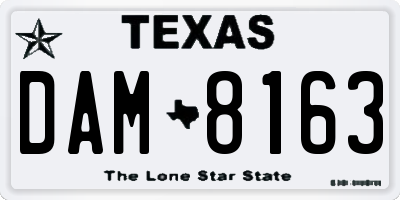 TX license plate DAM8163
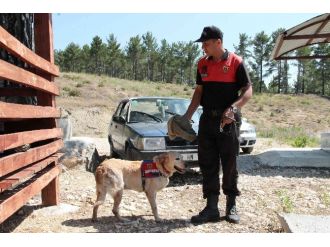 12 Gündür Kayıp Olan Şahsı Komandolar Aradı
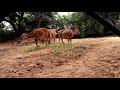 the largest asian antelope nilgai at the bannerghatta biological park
○ ○ ○
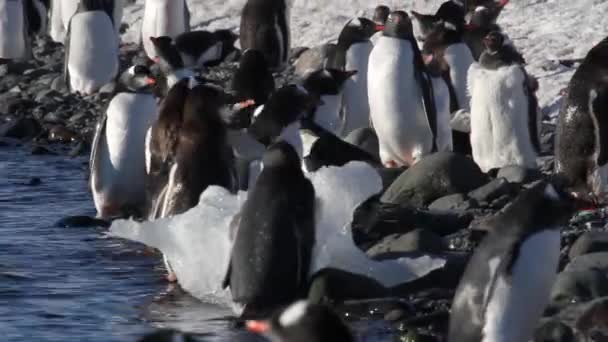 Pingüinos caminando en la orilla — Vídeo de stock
○ ○ ○
• [WHAT THE EXERCISE ASKS]:
Take the lines above starting at the one containing "12 Gündür Kayıp Olan Şahsı Komandolar Aradı" and ending at the one containing "the largest asian", and print them again exactly, without pictures.

• [WRITTEN REPLY]:
 12 Gündür Kayıp Olan Şahsı Komandolar Aradı
 the largest asian antelope nilgai at the bannerghatta biological park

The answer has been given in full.